Why do my list go uni-code by itself?

MRAB python at mrabarnett.plus.com
Mon Dec 20 16:41:10 EST 2010


 > I'm reading a fixed format text file, line by line. I hereunder 
present the code. I have <snipped> out part not related to the file reading.
 > Only relevant detail left out is the lstCutters.

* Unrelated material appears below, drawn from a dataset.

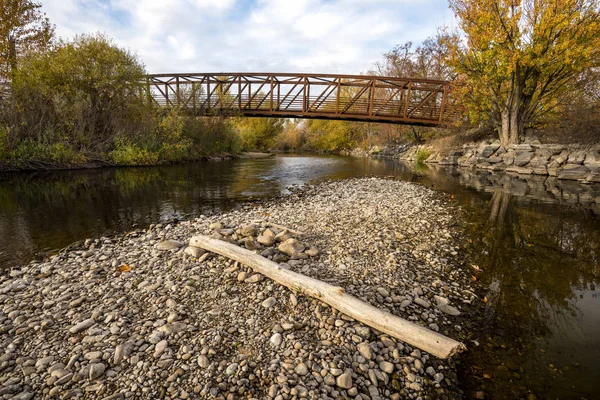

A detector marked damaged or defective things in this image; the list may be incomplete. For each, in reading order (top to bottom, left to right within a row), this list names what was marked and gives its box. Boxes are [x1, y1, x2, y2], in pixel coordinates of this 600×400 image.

rusty metal bridge [145, 72, 460, 126]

It looks like this:
 > [[1, 9], [11, 21], [23, 48], [50, 59], [61, 96], [98, 123], [125, 150]]
 > It specifies the first and last character position of each token in 
the fixed format of the input line.
 > All this works fine, and is only to explain where I'm going.
 >
 > The code, in the function definition, is broken up in more lines than 
necessary, to be able to monitor the variables, step by step.
 >
 > --- Code start ------
 >
 > import codecs
 >
 > <snip>
 >
 > def CutLine2List(strIn,lstCut):
 >     strIn = strIn.strip()
 >     print '>InNextLine>',strIn
 >     # skip if line is empty
 >     if len(strIn)<1:
 >         return False

More Pythonic would be:

     if not strIn:

 >     lstIn = list()
 >     for cc in lstCut:
 >         strSubline =strIn[cc[0]-1:cc[1]-1].strip()

The start index is inclusive; the end index is exclusive.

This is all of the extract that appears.